We note that many of the more well-publicized economic successes in storage consolidation, which demonstrated 25% - 60% reduction in storage spending, have been in areas where storage was a major expense and an area of risk for application growth. These often tended to be workloads that were expensive to manage (e.g. required lots of people), such as large online transaction processing where accurately predicting storage spending was a major source of IT budget contention.
It happens to be the case that workloads targeted for NAS have been much simpler to manage, typified by file-oriented storage and unstructured data that are generally stateless. These less mission critical applications historically required less rigor in terms of performance, backup and recovery attributes and less people to manage. As a result, consolidating these workloads will not necessarily bring the same hard dollar economic benefits as SAN consolidation demonstrated. Hence the dilemma-- While consolidating NAS in these areas will provide better utilization and certainly simplification of management, consolidating a less expensive problem will take out fewer IT dollars.
The real drivers of NAS consolidation are the need to bring largely distibuted NAS infrastructures under a single management discipline to help reduce corporate risk and provide better productivity for users requiring access to a growing mountain of unstructured data and integrating stateless information into a broader information management strategy.
Action Item: The value proposition of NAS consolidations is not a carbon copy of SAN. Vendors and buyers must re-think the economic value justification of NAS consolidations and not simply try to mirror the successes of block-oriented storage consolidations. A greater emphasis on never-delete retention policies, provenance, data classification and the long-term value of information should drive vendor roadmaps in this growing and important market space.

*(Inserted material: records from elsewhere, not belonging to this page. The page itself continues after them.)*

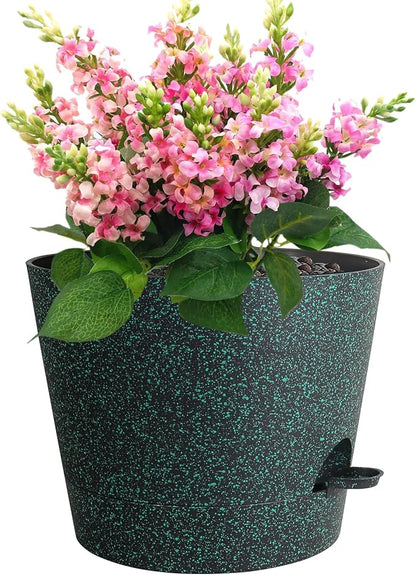 12 inch Large Self Watering Pots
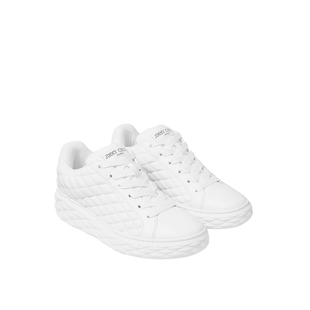 [王一博同款]JIMMY CHOO/DIAMOND MAXI 男士厚底绗缝休闲鞋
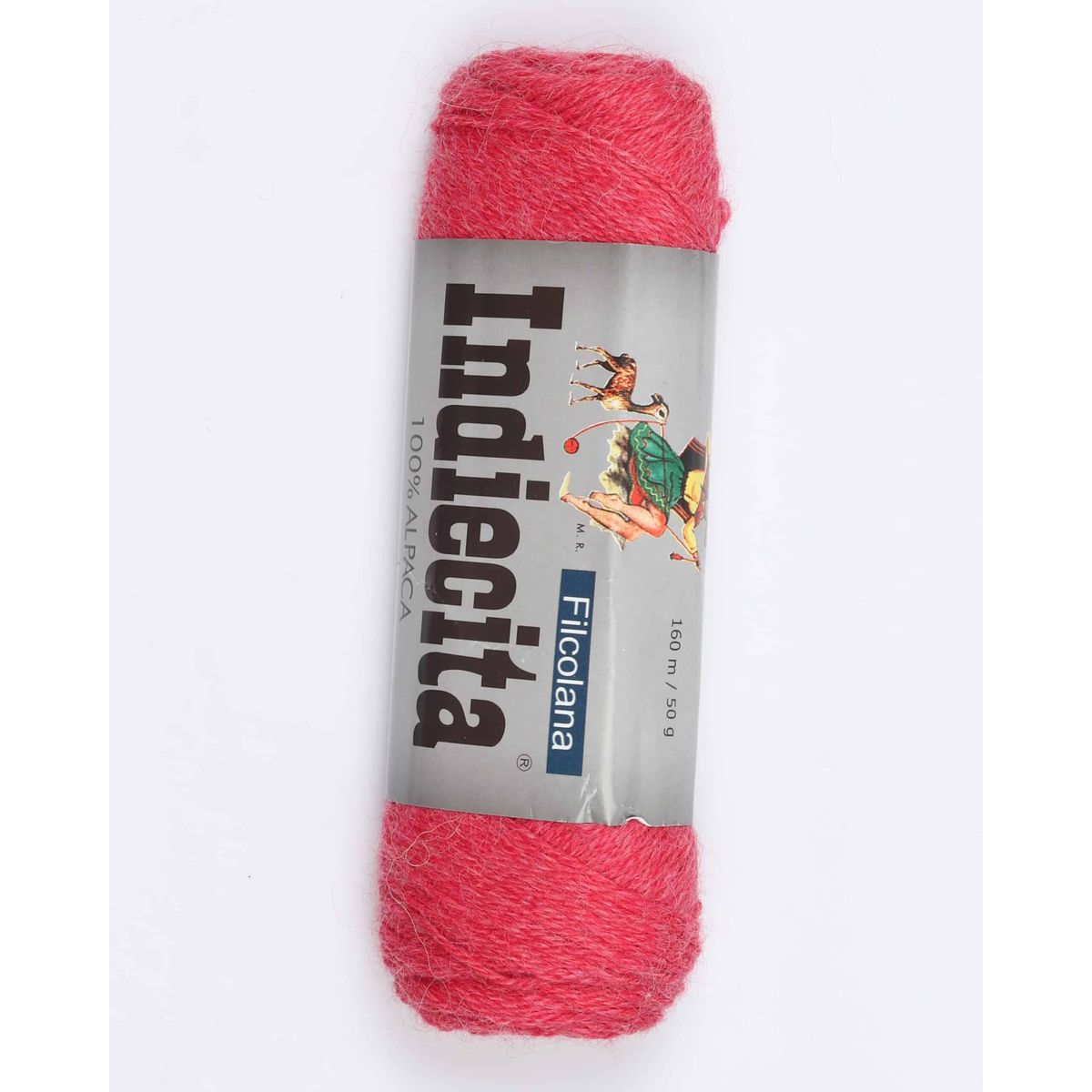 Vilja fra Filcolana i mange farver - 813 Strawberry Pink Melange - 100% Alpaka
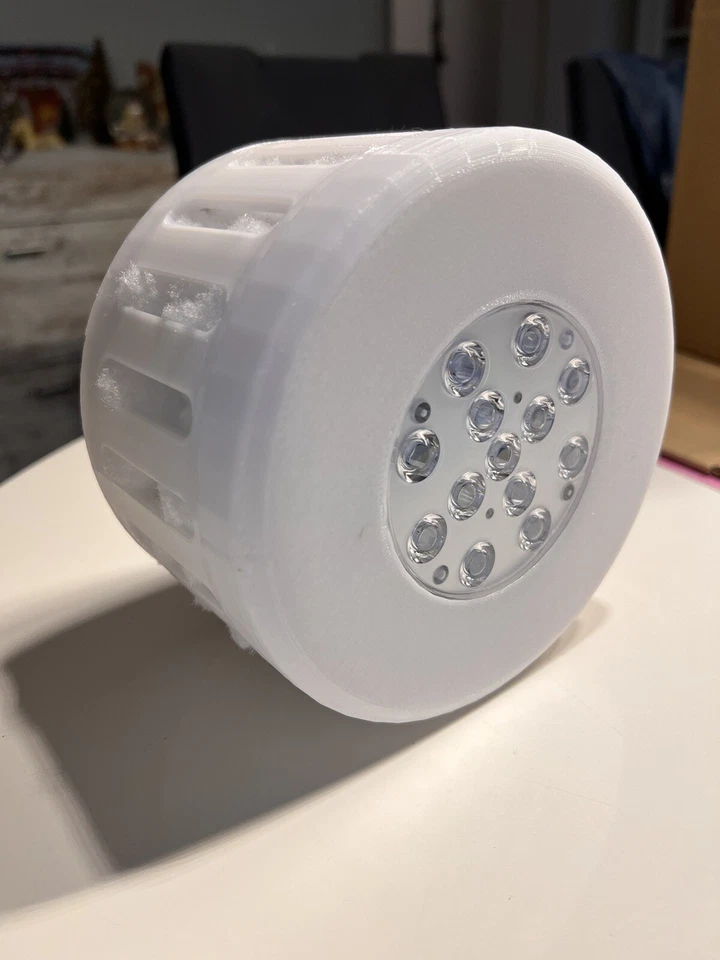 Filtro Whirlpool con bolas de filtro + boquilla hidráulica opción LED para MSpa, Lay-Z-Spa, Intex - Imagen 2 de 4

"Shadow IT" came out of the shadows during the late 1990s and emerged as a major force in enterprise computing. Fueled by a combination of factors, including greater business oversight and accountability for applications, advances in application development technologies that made "user authoring" of application possible, and hosted substitutes for traditional IT services, business lines have seized greater control over their computing resources and are loath to relinquish their new authorities. However, regulations that legally consolidate corporate accountability for data and data processing (e.g., SOx) coupled with dramatic increases in the costs of infrastructure to support user-orientated applications (e.g., image-rich applications that consume huge volumes of storage) are forcing at least a rethinking of the apportionment of roles and responsibilities between central and business IT groups. The availability of high-end NAS technologies can – and will – facilitate whatever degree of consolidation in user-orientated data processing a business chooses. However, the major battle will not be technological, but organizational: Will business give back control of distributed, end-user applications to IT?
Action Item: Adoption of high-end NAS technology as a vehicle for file-orientated storage consolidation will hinge less on the intrinsic quality of these technologies, and more on emerging authority relationships between IT and business groups. IT organizations should help the business achieve control over data by supporting storage consolidation efforts in ways that don’t necessarily demand broader, and usually more complex, application consolidation programs.